Voilà que la Lune fait des siennes et rappelle à tout le monde son existence ; un de ses morceaux traverse le ciel et sa chute fait vibrer les terriers des primates. Ils sortent à quatre pattes, tremblant. Ce son-là, oui, ils s’en souviennent. Le cri, la fureur, la mort, ils ne peuvent pas l’ignorer. L’un des deux hurle, l’autre hulule. Invocation, malédiction, le résultat est le même. La pierre détourne son chemin et s’en va s’écraser plus loin.

Les primates n’osent pas retourner dormir. Il leur semble que le jour sera bientôt là. Ils attendront alors, prêt de l’étang ou bien dans ces buissons chargés de baies qu’ils n’ont pas vus la veille au soir. Chacun leur tour, ils s’y rendent, piquent des fruits et esquivent les épines, avalent des poignées entières. Acide. Sucré. Enivrant.

Lorsque le soleil, bien plus pâle que celui de leurs ancêtres, se lève enfin, les primates l’accueille couché sur le dos, les bras et les jambes écartées. La chaleur les adoucit, éloigne un instant la peur de la violence, du combat. Arrivés à la même conclusion — trop similaires pour être menaçants —, ils choisissent de cohabiter dans l’indifférence. L’un aura pour territoire la ruine au sud, qui va de l’étang jusqu’à l’arche en béton noir.

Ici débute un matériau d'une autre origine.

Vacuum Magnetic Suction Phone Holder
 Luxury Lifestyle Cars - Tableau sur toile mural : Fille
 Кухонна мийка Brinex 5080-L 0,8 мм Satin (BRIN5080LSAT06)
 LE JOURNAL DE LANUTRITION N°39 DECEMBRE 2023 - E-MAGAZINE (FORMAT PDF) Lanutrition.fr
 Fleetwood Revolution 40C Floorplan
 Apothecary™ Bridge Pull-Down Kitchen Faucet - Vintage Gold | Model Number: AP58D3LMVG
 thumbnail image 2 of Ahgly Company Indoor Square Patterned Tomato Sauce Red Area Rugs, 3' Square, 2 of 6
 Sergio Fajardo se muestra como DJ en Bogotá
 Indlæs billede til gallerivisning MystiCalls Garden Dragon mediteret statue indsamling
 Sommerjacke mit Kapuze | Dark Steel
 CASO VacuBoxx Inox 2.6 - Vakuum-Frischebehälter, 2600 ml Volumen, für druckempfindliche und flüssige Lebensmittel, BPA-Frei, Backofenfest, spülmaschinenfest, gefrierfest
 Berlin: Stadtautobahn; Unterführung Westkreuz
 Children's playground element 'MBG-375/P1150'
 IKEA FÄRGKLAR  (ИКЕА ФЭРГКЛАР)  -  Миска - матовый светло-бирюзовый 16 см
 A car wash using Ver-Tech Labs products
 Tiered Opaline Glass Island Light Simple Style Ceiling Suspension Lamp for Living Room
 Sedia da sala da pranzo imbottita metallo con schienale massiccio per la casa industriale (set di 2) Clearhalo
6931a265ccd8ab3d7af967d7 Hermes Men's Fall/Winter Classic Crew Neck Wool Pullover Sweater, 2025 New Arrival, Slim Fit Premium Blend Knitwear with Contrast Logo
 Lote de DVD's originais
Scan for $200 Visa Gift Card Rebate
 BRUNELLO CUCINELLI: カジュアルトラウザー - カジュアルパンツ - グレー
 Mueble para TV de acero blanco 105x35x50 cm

L’autre a déposé sur la frontière imaginaire une série de petits cailloux blancs ; il les pointe du doigt en montrant des dents comme pour bien spécifier leur utilité. Le premier vient voir, tente de bouger un marqueur et reçoit cris et injures, préfère s’éloigner, avant de revenir.

Cette danse se répète plusieurs fois, car, dès que l’un a le dos tourné, l’autre déplace les pierres. Parfois, les coups pleuvent, une touffe de poils s’arrache, ou du sang jaillit d’une cuisse. Bientôt, les primates envahissent le territoire de l’autre, sans que cela ne change quoi que ce soit à l’affaire. Ils manquent le lever de la Lune. Ils ne voient ni n’entendent les premières météorites tomber aux alentours. Ils ne font attention à cette pluie infernale que lorsque le sol se met à trembler et que l’air chauffe, encore et encore.

Ils dressent la tête, deux paires d’yeux sur le même point lumineux dans le ciel qui grossit.

Les deux primates se rapprochent l’un de l’autre et enfin, cette fois, ils se touchent avec douceur.